Some even make livestreaming their job. Stay-at-home mom Samantha broadcasts her gaming sessions under the alias Just_Seum on Twitch, earning enough from donations to help support her family. “It brings communities in where you can kind of get to know the people who are watching you at the same time as you are creating your content,” she says.
Milk N Cooks, the DJ duo of identical twins Paul and James McElwain, stream sets and give feedback to other musicians on Facebook Live. The end goal is to be “self-sustaining, not have to be dependent on boosting posts or running advertising,” says Paul.
How they go live
Anyone can start streaming by holding up a phone. Once you start adding in multiple camera angles or screen-in-screen options for gaming, it gets more complex.
Samantha started small with her Xbox One and Microsoft Kinect but now has a dedicated PC and webcam. Milk N Cooks use OBS Studio, open-source software for streaming. They have a Samson Go Mic and a Logitech webcam to capture their set.
“Tomás’ Test Kitchen” is even more elaborate. “From what we know, we are the only multicamera live cooking show in existence right now that actually produces biweekly,” Tomás says. He hosts and cooks alongside a guest chef; producer Felicia Williams oversees recordings; and Brown Hughes is director of production (he also reads out comments during the show).
Three Sony A7S cameras capture multiple perspectives: a wide main shot, an overhead for food preparation and a side shot. Combined with the warm glow from Ikea track lights, an old Leica lens on the main camera ensures the kitchen doesn’t look like a sterile film set.
Each camera produces a 4K stream fed into a Blackmagic ATEM Production Studio switcher while Williams uses an iPad app to switch camera angles. An Atmos box records and downgrades the stream to 1080p; then it is sent through two HDMI splitting boxes and out through encoders, which convert the video into a format ready for Facebook.
Telling the story
Ten seconds before “Tomás’ Test Kitchen” goes live, the room goes silent as a timer counts down to zero. Tomás springs into action and wastes no time by jumping straight to the cooking. Unlike a traditional TV show, there’s no real time constraint on live broadcasts so it’s not uncommon to see a stream running for hours at a time.
“Longer streams allow you to reach out to different people in all different time zones,” says Samantha. When you stream is also important to maximizing viewers, with her late-night gaming sessions from midnight to 5 a.m. attracting a bigger audience than the more saturated 7:30 p.m. time slot.
“On Facebook, people will watch our shows [after we finish],” says Tomás, with replays gathering between 2,000 and 4,000 viewers.
Milk N Cooks have a dedicated audience of an average of 80 to 100 people who watch at least an hour each week, with many more dropping in over the course of their sets. But they caution against going live just for the sake of it. “Stream with a purpose … make sure that you’re enjoying yourself and you’re natural and relaxed,” says James.
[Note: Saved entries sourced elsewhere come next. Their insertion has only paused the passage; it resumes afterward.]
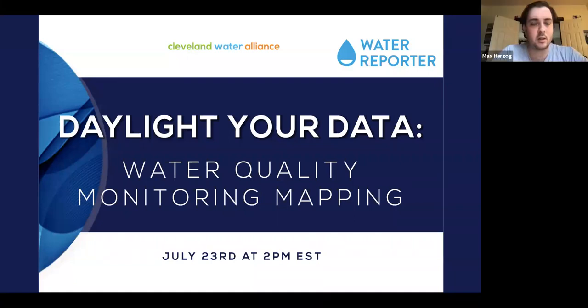It looks like our attendance is leveling off, so I think we can go ahead and get started. Thanks very much everyone for taking the time today and jumping on yet another Zoom call. I'm Max Berzog, a program manager with Cleveland Water Alliance, and it's my great pleasure to kick off this session about Water Reporter, this really great platform and set of tools that Chesapeake Commons has developed and that we at Cleveland Water Alliance have been partnering with.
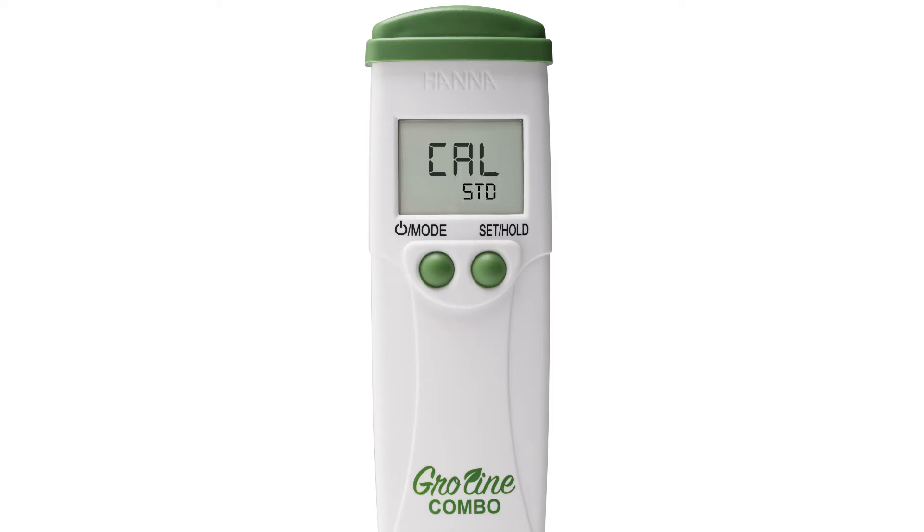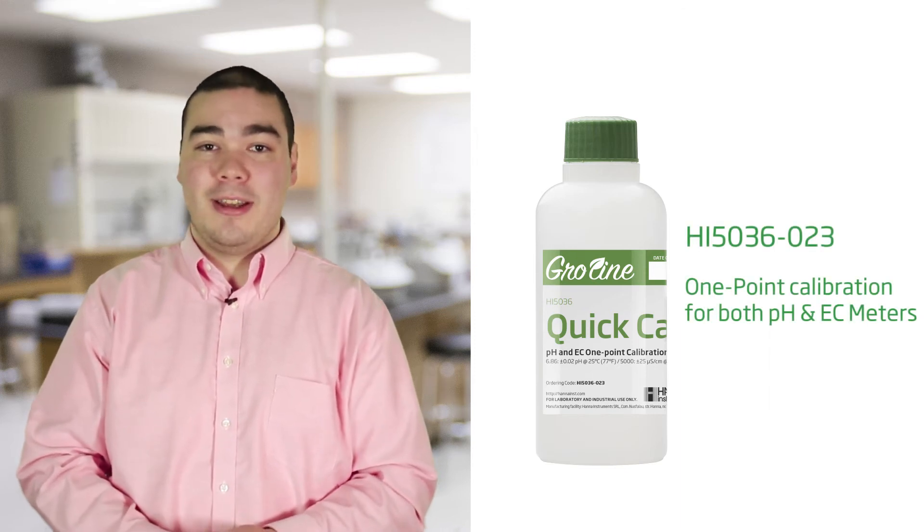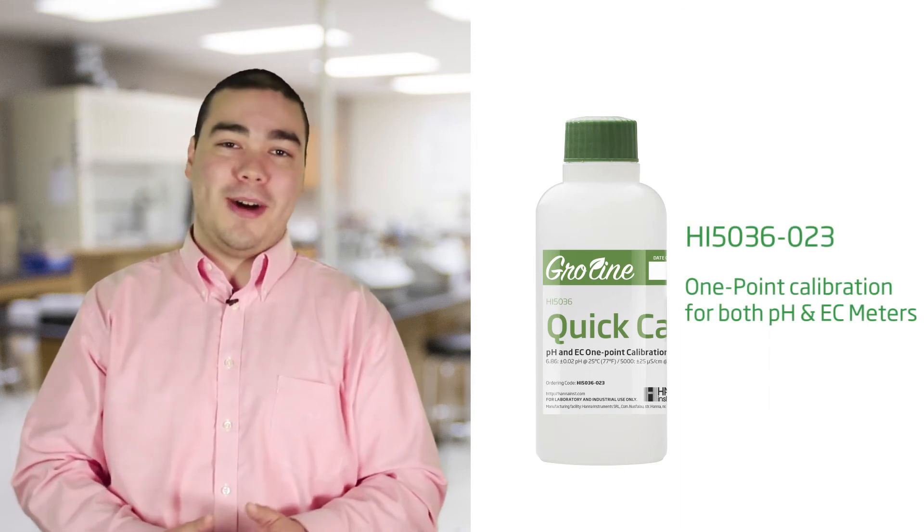By pressing the set hold button you can choose between Cal Standard and Cal Quick. Cal Quick allows you to use our GroLine quick calibration solution. This solution is for a one-point calibration in both pH and EC — it's like having two solutions in one bottle.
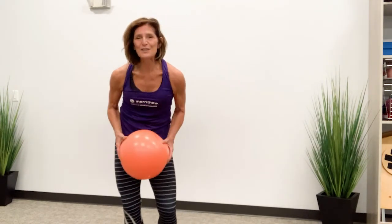And then roll up. That should feel really nice. Thank you for joining me today. I hope you enjoyed it. Take care.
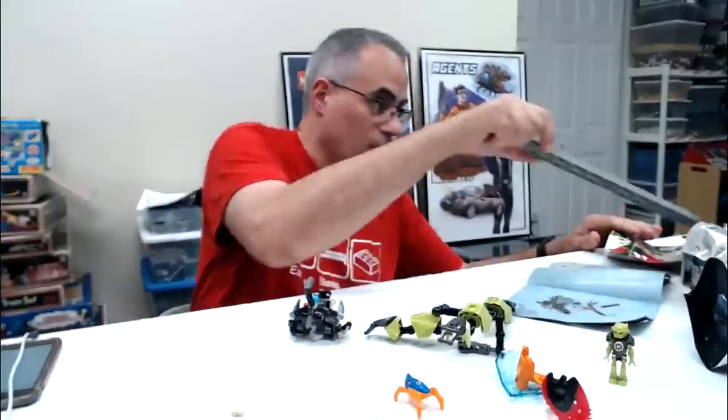Drew Christy loves the monorail poster in the background. The monorail poster is from Bricks on the Dollar — I got that at Philly Brick Fest.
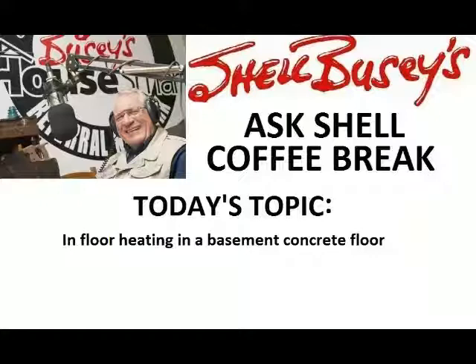Hi folks and welcome to my Ask Shell Coffee Break. Today we're going to talk about those heated floors in the basement — radiant heat.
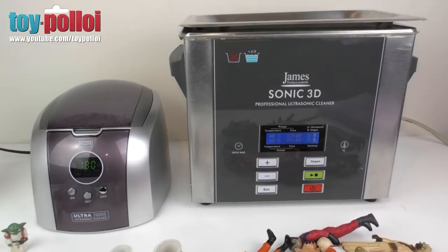Hello and welcome to another video from Toy Palloy. About a year ago I did some tests using an ultrasonic cleaner that a friend of mine had lent me, and recently I was contacted by James Products to see if I'd like to have a go using a couple of their products. They very kindly sent me two different ultrasonic cleaners.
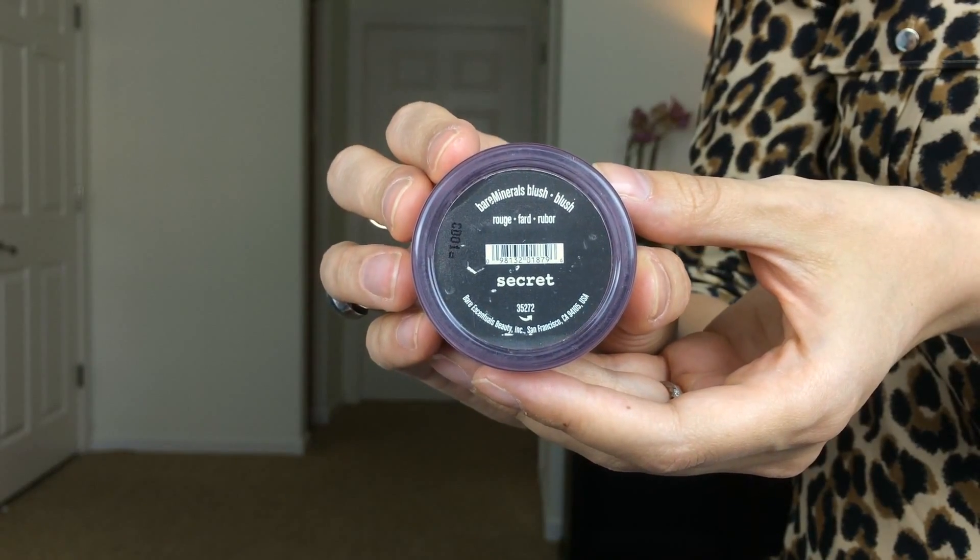Going back with this blush brush, I'm going to use Secret from Bare Minerals, which is a nice deep plummy color that I thought would match the toasted pinky purple colors I used today — even though they don't really look like that on camera. Then once I've curled these poor little baby lashes of mine, I'm going to move on to mascara.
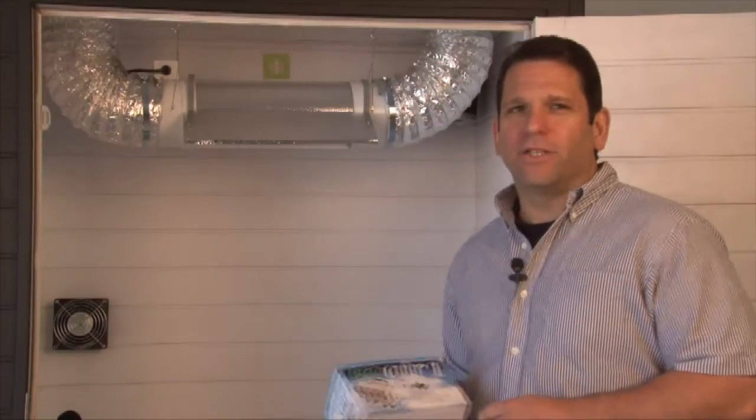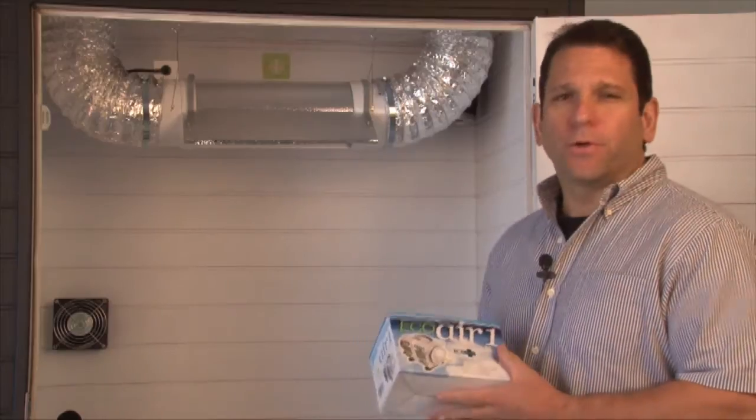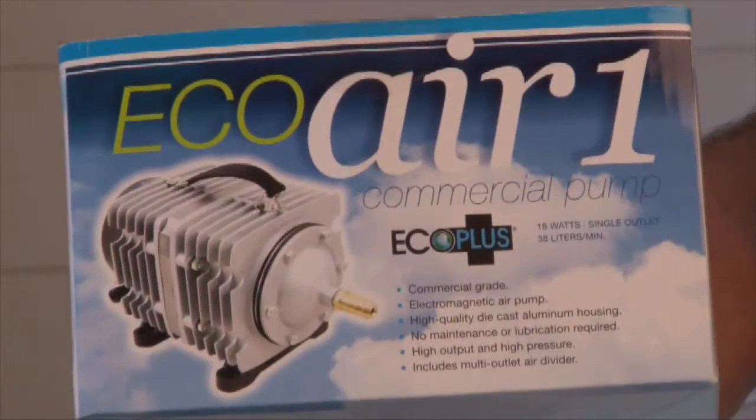Welcome back to the installation of the water pump and the air pump. What I have here is a commercial grade air pump. We use the EcoAir One. This one is distributed by a local company.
Daniel Danker, product director for Facebook Live, says interactivity is key to a successful broadcast. “People comment more than 10 times more on live videos than nonlive videos, so interacting with your audience by responding to comments, or even inviting guests into the broadcast with you, can help viewers feel like they’re really a part of the experience.”
Even though short-form video on platforms like Snapchat caters to modern attention spans, Tomás reckons viewers will always have an appetite for real-time storytelling.
“There’s something very immediate and authentic about that that can’t be reproduced in any other way,” he says as the hourlong broadcast finishes up for the night. “I don’t know many people who are saying, ‘That one 60-second Tasty video, it changed my life!’ ”
This story appears in the fall 2017 edition of CNET Magazine. For other magazine stories, click here.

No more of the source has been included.